Ukraine, no. 19142/03, § 39,
29 May 2008; and Pavlyulynets v.
Ukraine, no. 70767/01, §
53, 6 September 2005).
- Having
examined all the material submitted to it, the Court considers that
the Government have not put forward any fact or argument capable of
persuading it to reach a different conclusion in the present case.
Having regard to its case-law on the subject, the Court finds that in
the instant case the length of the proceedings was excessive and
failed to meet the “reasonable time” requirement.
- There
has accordingly been a breach of Article 6 § 1.
II. APPLICATION OF ARTICLE 41 OF THE CONVENTION
- Article
41 of the Convention provides:
“If the Court finds that there has been a
violation of the Convention or the Protocols thereto, and if the
internal law of the High Contracting Party concerned allows only
partial reparation to be made, the Court shall, if necessary, afford
just satisfaction to the injured party.”
A. Damage
- The
applicant claimed 3,809.43 United States dollars (about EUR 2,834)
and 316,000 Ukrainian hryvnas (UAH, about EUR 29,685) in respect of
pecuniary damage and non-pecuniary damage respectively.
- The
Government contested these claims.
- The
Court does not discern any causal link between the violation found
and the pecuniary damage alleged; it therefore rejects that claim. On
the other hand, ruling on an equitable basis, it awards the applicant
EUR 1,600 in respect of non-pecuniary damage.
B. Costs and expenses
- The
applicant also claimed a total amount of UAH 67,401.99 (about EUR
6,332) in respect of his expenses for representation,
postal expenses and other expenses allegedly incurred in both the
domestic and Convention proceedings.
- The
Government contested this claim.
- According
to the Court's case-law, an applicant is entitled to the
reimbursement of costs and expenses only in so far as it has been
shown that these have been actually and necessarily incurred and are
reasonable as to quantum. In the present case, regard being had to
the information in its possession and the above criteria, the Court
considers it reasonable to award the sum of EUR 250 under this head.
C. Default interest
- The
Court considers it appropriate that the default interest should be
based on the marginal lending rate of the European Central Bank, to
which should be added three percentage points.

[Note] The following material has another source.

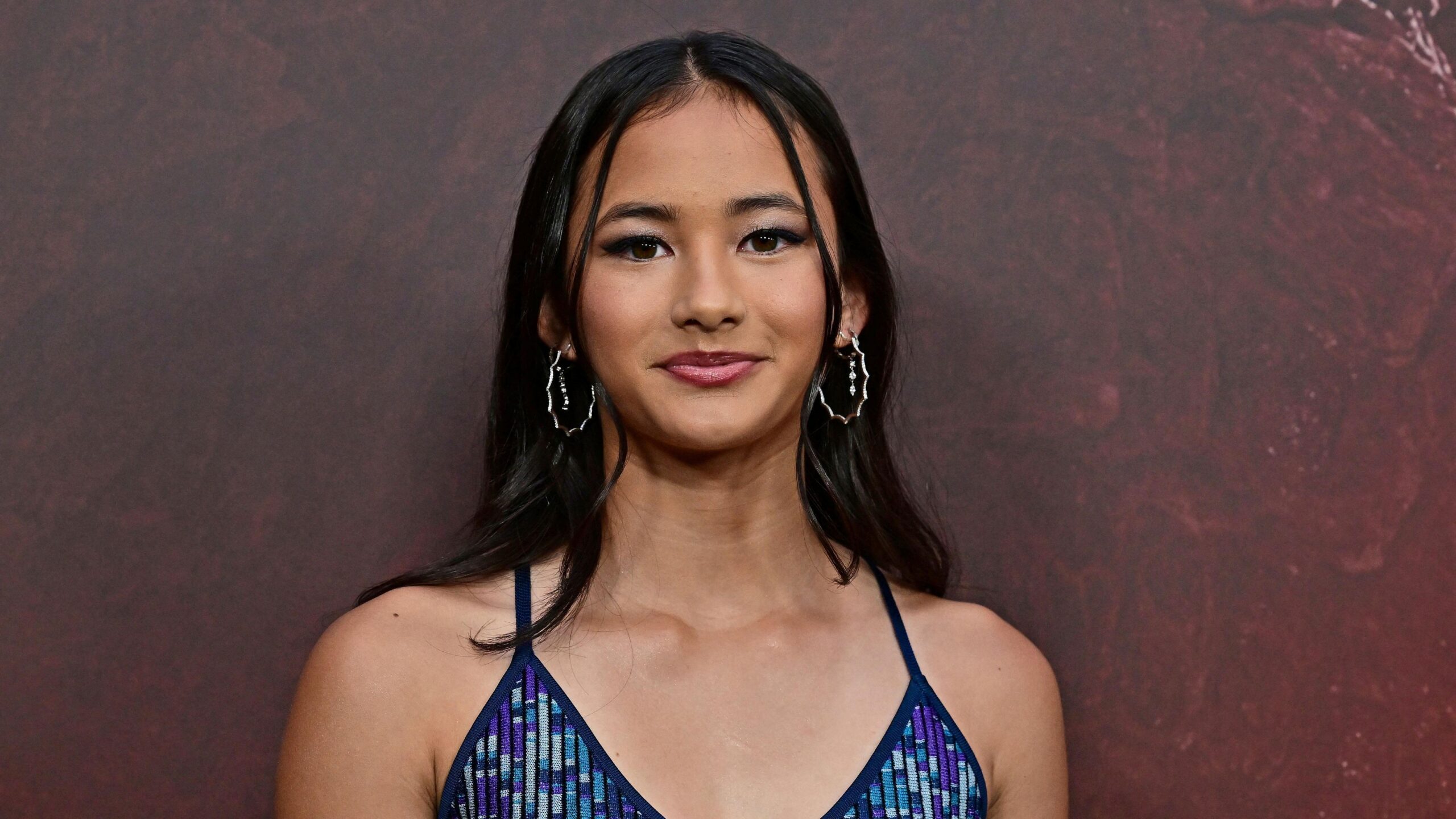 Kaylee Hottle: muere la actriz de “Godzilla vs. Kong” a los 18 años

FOR THESE REASONS, THE COURT UNANIMOUSLY
- Declares the remainder of the application
admissible;
- Holds that there has been a violation of Article
6 § 1 of the Convention;
- Holds
(a) that
the respondent State is to pay the applicant, within three months
from the date on which the judgment becomes final in accordance with
Article 44 § 2 of the Convention, EUR 1,600 (one
thousand six hundred euros) in respect of non-pecuniary damage plus
EUR 250 (two hundred and fifty euros) in respect of costs and
expenses, plus any tax that may be chargeable, to be converted into
the national currency of the respondent State at the rate applicable
at the date of settlement;
(b) that
from the expiry of the above-mentioned three months until settlement
simple interest shall be payable on the above amounts at a rate equal
to the marginal lending rate of the European Central Bank during the
default period plus three percentage points;
- Dismisses the remainder of the applicant's claim
for just satisfaction.
Done in English, and notified in writing on 30 July 2009, pursuant to
Rule 77 §§ 2 and 3 of the Rules of Court.